Start of Exercise input

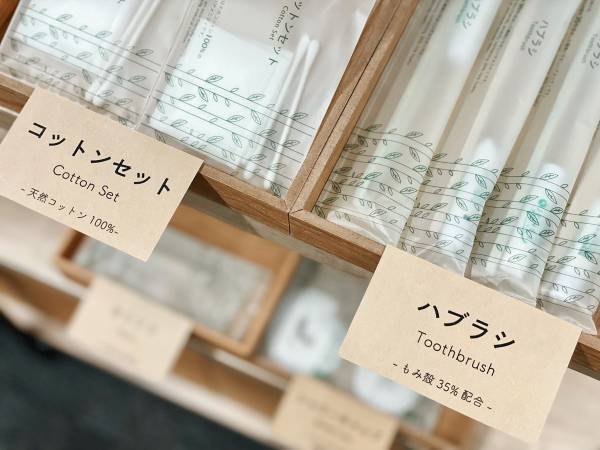 “本気で実行SDGs”リゾートからサスティナブルな世界を！  2022年4月より株式会社リロバケーションズがSDGｓ取り組みを強化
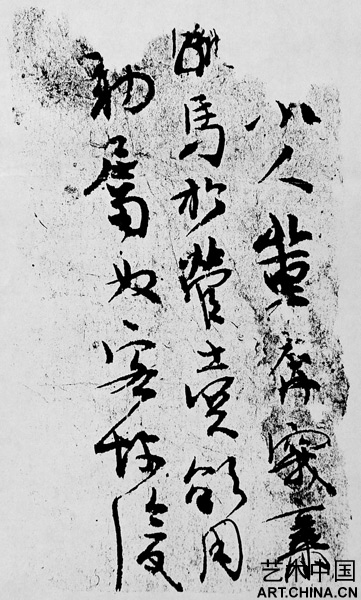 四日残纸(图4-8-2,小人董奔残纸(图4-8-3,前凉李柏文书(图4-8-4)等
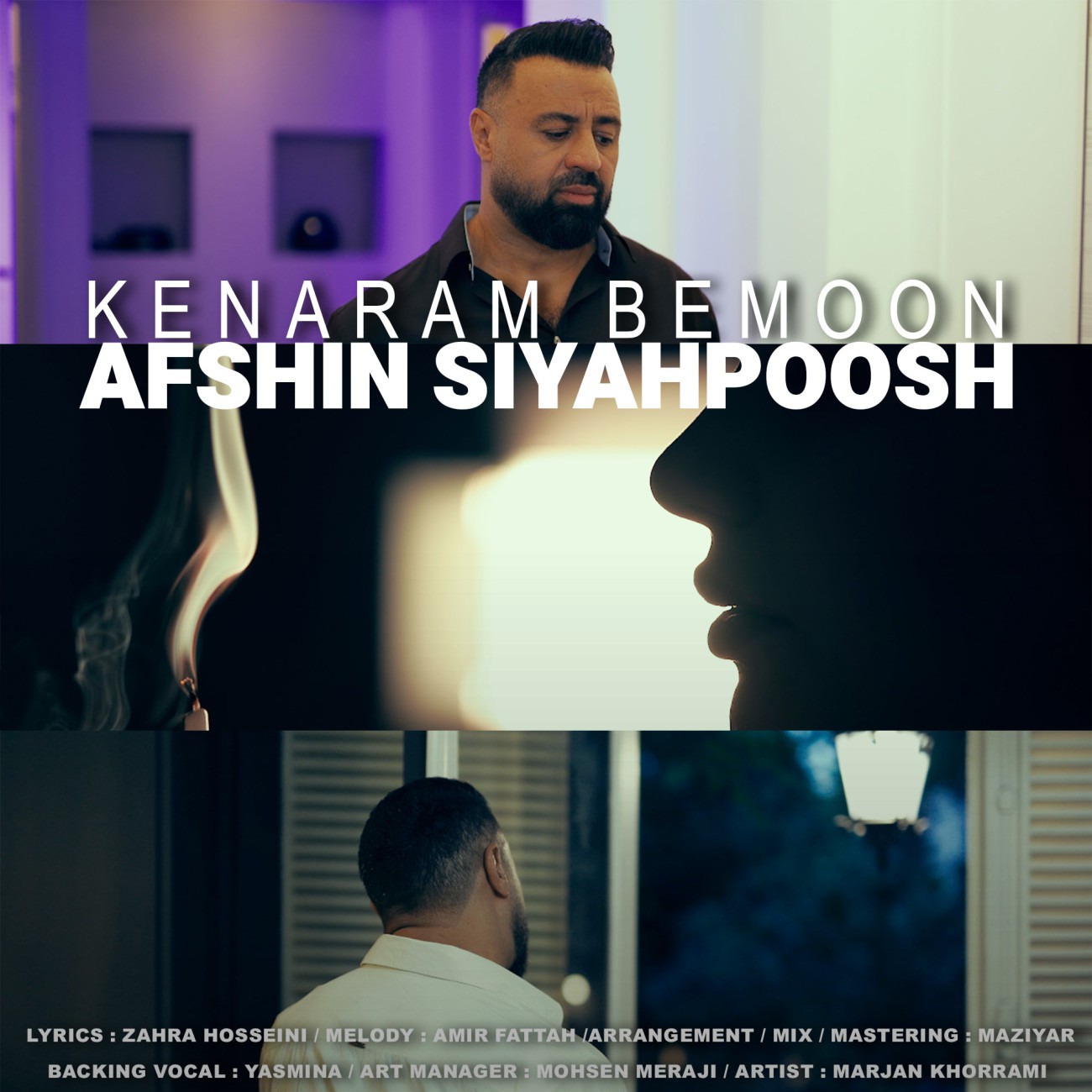 کنارم بمون - افشین سیاهپوش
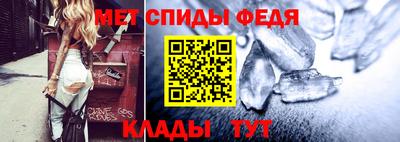 скорость mdpv Коммунар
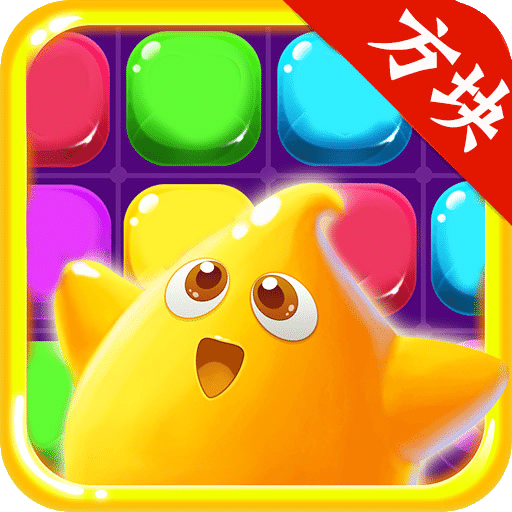 方塊變變變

End of Exercise input

◆ **Exercise**: Find the line that contains "کنارم بمون - افشین سیاهپوش" and repeat it, along with every line after it to the end of the data, exactly; drop the pictures.

◆ **Answer space**:
 کنارم بمون - افشین سیاهپوش
 скорость mdpv Коммунар
 方塊變變變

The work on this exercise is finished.